For the spatial dimension data, this study used an AE and a VAE for anomaly detection. First, the temperature data from all measurement points along the FO-DTS monitoring path were used as input, forming multiple spatial vectors, each containing 10 features. The data from all IDs together formed a complete spatial feature matrix. The AE and VAE models were trained using the spatial data under normal conditions. The AE model learned the normal spatial temperature distribution by minimizing the reconstruction errors between the input and output, while the VAE introduced a probabilistic generative model and was trained by maximizing the log likelihood of the data. During training, the AE and VAE models both learned to extract features from the normal data and reconstruct the input data. For new data, the reconstruction errors (AE) or reconstruction loss (VAE) for the spatial vector corresponding to each ID was calculated. If the reconstruction errors or loss for a particular ID exceeded the predefined threshold, it was considered that an anomaly existed at that location. The 95th percentile of the reconstruction errors from the training set was selected as the threshold to ensure a low false-positive rate.

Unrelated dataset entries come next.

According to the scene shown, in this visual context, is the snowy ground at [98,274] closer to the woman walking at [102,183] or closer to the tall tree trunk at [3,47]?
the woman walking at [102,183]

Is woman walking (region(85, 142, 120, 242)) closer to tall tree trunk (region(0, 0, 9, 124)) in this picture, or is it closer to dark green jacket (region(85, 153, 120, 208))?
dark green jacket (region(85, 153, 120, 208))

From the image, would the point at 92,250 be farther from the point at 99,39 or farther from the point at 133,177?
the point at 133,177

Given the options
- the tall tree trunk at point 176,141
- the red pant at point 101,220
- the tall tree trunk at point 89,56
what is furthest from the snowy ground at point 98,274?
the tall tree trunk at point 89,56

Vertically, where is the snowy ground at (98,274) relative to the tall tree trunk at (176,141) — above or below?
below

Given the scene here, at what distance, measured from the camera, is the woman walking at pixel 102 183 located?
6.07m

2.3.3. Spatiotemporal Perspective Anomaly Detection

To comprehensively consider both the temporal and spatial dimensions and fully capture the temperature changes during the occurrence and development of a fire, this study combined the spatial data from all measurement points along the entire monitoring path with the time series data captured using the sliding window technique, forming a spatiotemporal dataset containing both temporal and spatial information. For each timestamp, the temperature data from all measurement points were combined into a spatial vector containing 10 features. Each spatial vector represented the temperature values at 10 different locations for that timestamp. For each sliding window, spatial vectors from multiple timestamps were stacked together, forming a 2D sample with the shape [window length, spatial feature number]. These samples were proportionally divided into training and test sets.

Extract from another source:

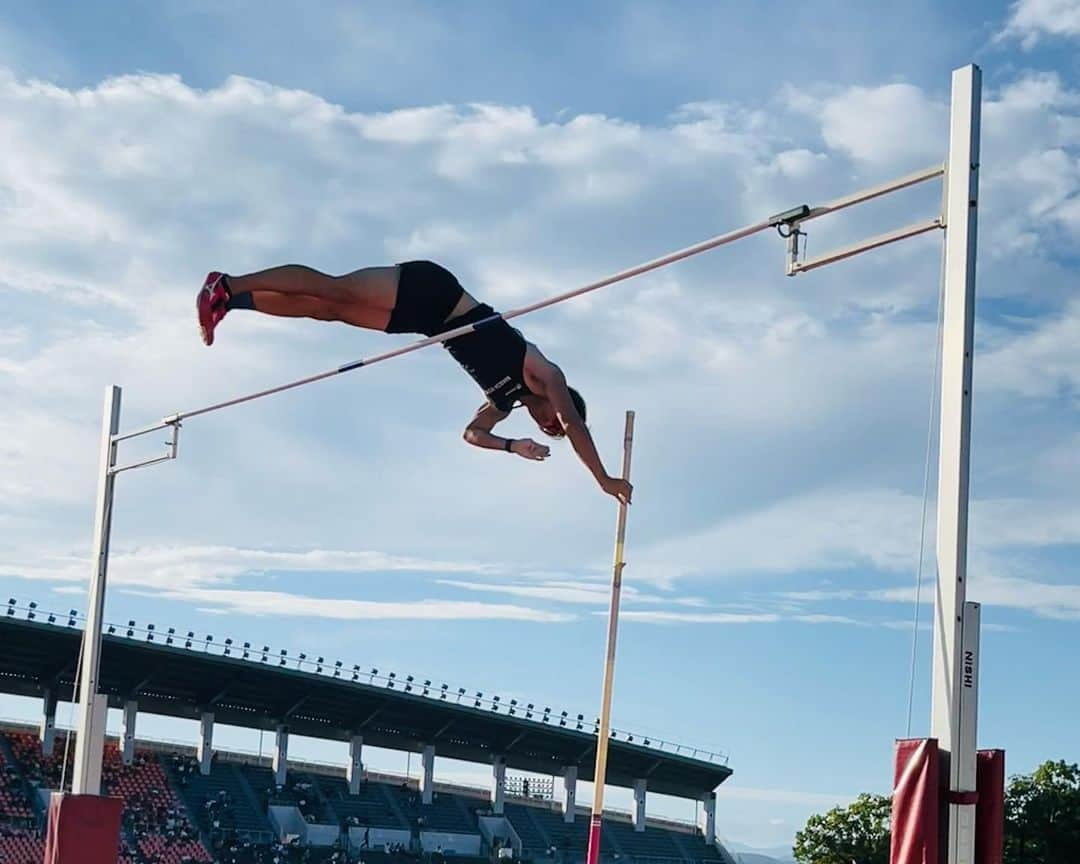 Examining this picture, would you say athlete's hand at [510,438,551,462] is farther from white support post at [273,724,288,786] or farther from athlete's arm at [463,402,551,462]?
white support post at [273,724,288,786]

For the spatiotemporal data, we used a convolutional autoencoder (CNN-AE) for anomaly detection. The collected samples used as model input contains both temporal and spatial information. The CNN-AE model was trained using spatiotemporal data under normal conditions. The encoder part extracted local features through multiple convolutional layers, while the decoder part reconstructed the input data using deconvolution layers, with the goal of minimizing the reconstruction errors between the input and output. Fully connected layers were added between the encoder and decoder to further compress and expand the features, ensuring that the model was able to learn higher-level abstract representations. During training, the mean squared error (MSE) was used as the loss function, and model parameters were optimized through the backpropagation algorithm. The 95th percentile of the reconstruction errors from the training set was selected as the threshold. For new data, the reconstruction errors were calculated. If the reconstruction error exceeded the predefined threshold, the data point was considered anomalous.

3. Results and Discussion

3.1. Detection of Anomalous Temperatures from the Temporal Perspective

3.1.1. Temporal Model Design and Setting

To capture the spatiotemporal properties in the time series data, we employed a sliding window technique, where each window contained temperature values from multiple time points. Temperature values returned from measurement point 5 in the middle of the FO-DTS were chronologically programmed into a sliding window to ensure that the model captured the characteristics of temperature changes over short periods of time. The input lengths of temperature sequences were 10, representing a 30-s interval, totaling 303,911 samples after division of normal data. All normal data were also separated into the training set and part of the test set, in a proportion of 98:2, comprising 297,832 and 6079 samples, respectively. The detailed size of each dataset is described in the attachment.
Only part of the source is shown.